Der »Hohmann-Skandal« war in erster Linie ein Medienskandal. Dreierlei hat sich gezeigt. Erstens: konservativen, christlichen, patriotischen, also irgendwie »rechts« eingeordneten Politikern (und Journalisten) wird nichts verziehen. Ihnen wird ein geringeres Maß an Meinungsfreiheit zugestanden als progressiven, linksgerichteten. Zweitens: Bevorzugt macht man Konservative mit dem – gerne auch konstruierten – Vorwurf fertig, sie hätten etwas Antisemitisches oder »Profaschistisches« gesagt. Der Verdacht reicht aus. Dann kommt die Nazikeule zum Einsatz. Drittens: Erfolgreiche Gegenwehr aus dem bürgerlichen oder konservativen Lager: Fehlanzeige. Die Wurzel für solche ungerechtfertigten Attacken gegen Konservative liegt meines Erachtens im ideologischen Erbe, das unmittelbar auf Karl Marx zurückgeht. Für ihn war Meinungskampf nicht in erster Linie ein Kampf gegen andere Meinungen, sondern vor allem ein Kampf gegen Personen, die andere Meinungen vertraten. Anders ausgedrückt: Warum sich mit dem argumentum ad rem aufhalten, wenn das argumentum ad personam viel wirksamer ist. Es sichert die Lufthoheit im Meinungskampf effektiver, weil entschiedene Gegner ausgeschaltet und die übrigen eingeschüchtert werden. Diese Methode wird immer noch gern angewandt. Beispiele sind: Martin Walser, Philipp Jenninger, Steffen Heitmann und Eva Herman.
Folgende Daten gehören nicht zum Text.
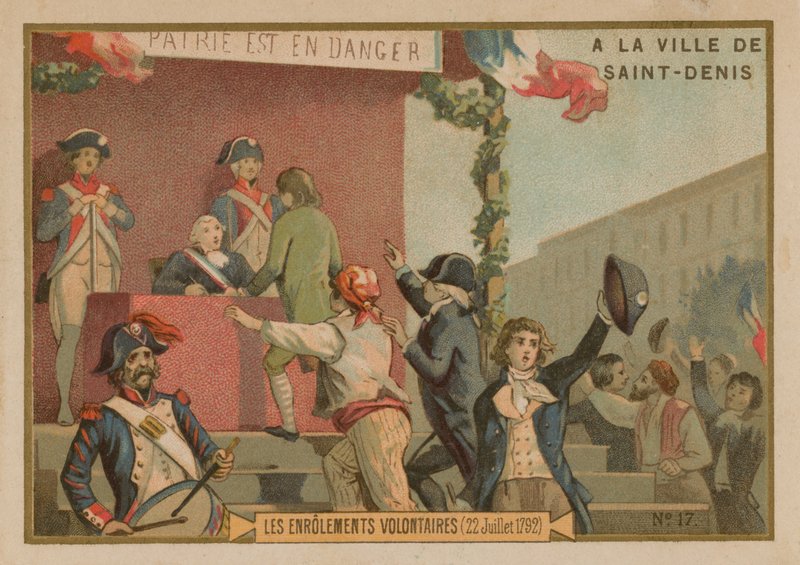 Die Einschreibung von Freiwilligen in die Armee, Französische Revolution, 22. Juli 1792 von French School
Warum wendete sich das öffentliche Blatt für Thilo Sarrazin vergangenen Sommer nach anfänglichen herben Medienangriffen plötzlich in die gegenteilige Richtung?

Sarrazin hatte das Glück, mit seinem Buch zu einem Zeitpunkt an die Öffentlichkeit zu treten, als der Würgegriff der politischen Korrektheit schon schwächer und der Vertrauensvorschuss des Normalbürgers gegenüber »denen da oben« – dazu zählen Politik und Medien – schon im Schwinden war. Zudem bot sich gleichsam die Möglichkeit eines Plebiszits. Nach den schnellen Vorverurteilungen durch die Kanzlerin und den Bundespräsidenten war der Kauf eines Sarrazin Buches nicht nur Befriedigung der persönlichen Neugier, sondern auch eine politische Demonstration, eine Warnung an die politische Klasse. Über 1,4 Millionen Mal wurde solchermaßen die gelbe Karte gezogen. Ein einmaliger Vorgang. Das nährt die Hoffnung, dass Sarrazins Anliegen, die Einwanderung in die Sozialsysteme und ein beispielloser Geburtenrückgang, Themen für die politische Klasse werden.

Ändert sich gerade etwas bei uns? Und wenn ja, was?

Ja, es ändert sich etwas. Wir beobachten einen Vorgang der Desillusionierung, der Enttäuschung und der immer stärkeren Abwendung von der Politik. Die geringeren Wahlbeteiligungen sind ein klares Indiz. Die Wähler haben nicht den Eindruck, mit ihrer Stimmabgabe Entscheidendes verändern zu können. Die bei der Einführung des Euro gemachten Versprechungen, eine Übernahme fremder Schulden komme nicht infrage, wurden in legislativen Nacht-und-Nebelaktionen pulverisiert. Neben den hausgemachten öffentlichen Schulden bedroht die Inanspruchnahme aus Haftungsversprechen der Regierung für südosteuropäische Pleitekandidaten eine erträgliche finanzielle Zukunft Deutschlands. Viele Bürger fühlen sich verschaukelt und gehen in die innere Emigration – gut ausgebildete jüngere auch in die äußere. All das läuft zu einem Syndrom des Misstrauens zusammen. Und die Macht der etablierten Medien wird geringer.

Warum?

Bei den politisch interessierten und informierten Bürgern wächst eine Abneigung gegen die gouvernantenhafte Attitüde in vielen Medien. Mehr denn je trauen sich die Bürger, selbst zu urteilen und zu abweichenden Meinungen zu kommen. Die Bürger wollen sauber recherchierte Sachverhalte statt einseitiger, politischer Anmache.

Glauben Sie, dass die Aufklärung über Ihren Fall noch einmal ins Bewusstsein der Öffentlichkeit dringen wird?

Das halte ich für eher unwahrscheinlich. Die die Macht haben, haben kein Interesse daran. Die Interesse daran haben, haben – bis jetzt – nicht die Macht.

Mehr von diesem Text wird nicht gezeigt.